Study material:
--- START ---
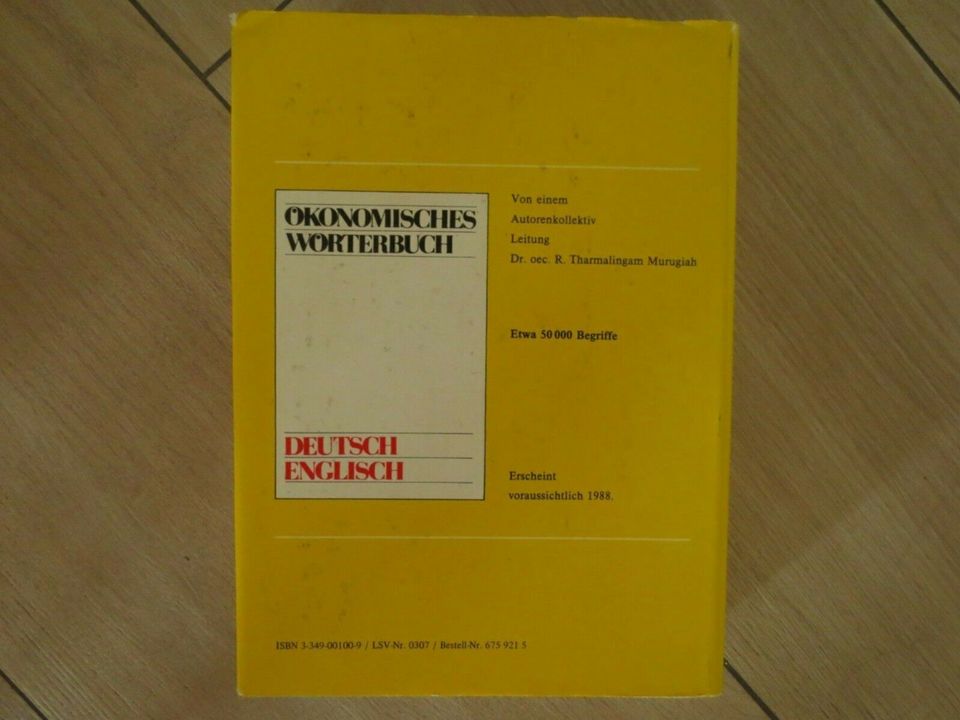 Ökonomisches Wörterbuch Englisch Deutsch in Schwetzingen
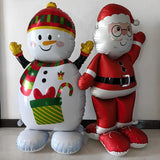 NNETM Santa & Snowman Foil Balloons (2-Pack)
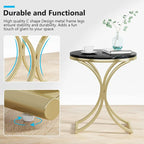 Table d'appoint ronde moderne pour entrée ou salon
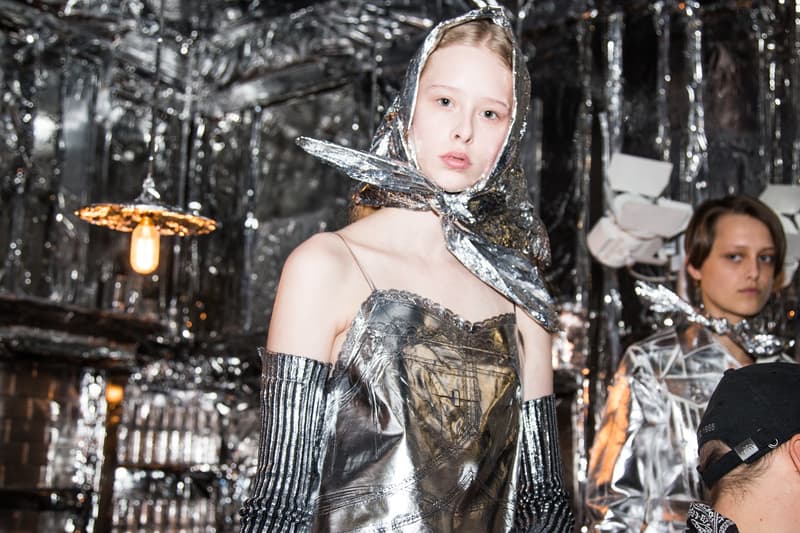 MM6 Maison Margiela Collection Argentée Automne/Hiver 2018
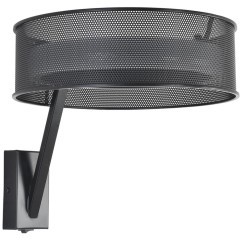 8370/15WL Настенный светильник с черным перфорированный металлическим абажуром 15Вт 650Лм 3000;4000;6000K CRI80 220V LUMION ALVA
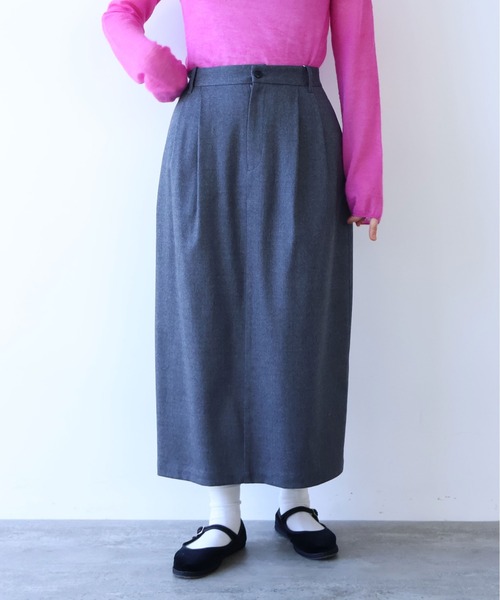 yuni（ユニ　）の「washable wool コクーンスカート（スカート・レディース・ブラック/グレー・FREE）」の14枚目の写真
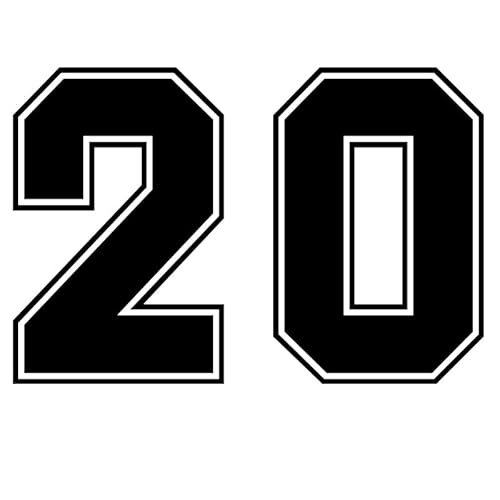 30059 Varios tamaños, figura número 20, pegatina para coche, calcomanías impermeables de vinilo para coche, camión (3)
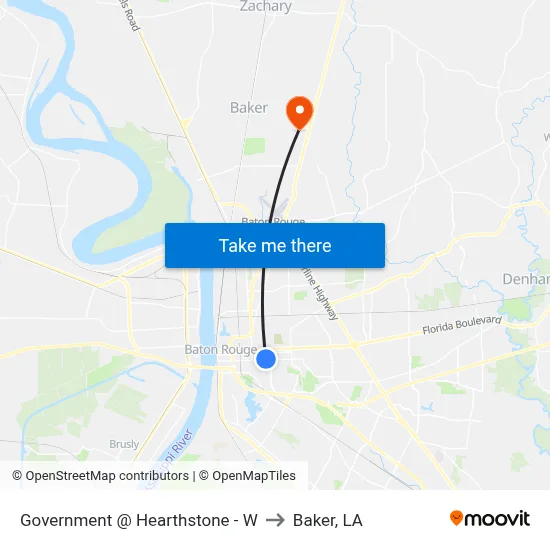 Government @ Hearthstone - W to Baker, LA map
--- END ---
Task requirements: Could the entries above be retyped exactly, with the pictures left out?

The completed task:
 Ökonomisches Wörterbuch Englisch Deutsch in Schwetzingen
 NNETM Santa & Snowman Foil Balloons (2-Pack)
 Table d'appoint ronde moderne pour entrée ou salon
 MM6 Maison Margiela Collection Argentée Automne/Hiver 2018
 8370/15WL Настенный светильник с черным перфорированный металлическим абажуром 15Вт 650Лм 3000;4000;6000K CRI80 220V LUMION ALVA
 yuni（ユニ　）の「washable wool コクーンスカート（スカート・レディース・ブラック/グレー・FREE）」の14枚目の写真
 30059 Varios tamaños, figura número 20, pegatina para coche, calcomanías impermeables de vinilo para coche, camión (3)
 Government @ Hearthstone - W to Baker, LA map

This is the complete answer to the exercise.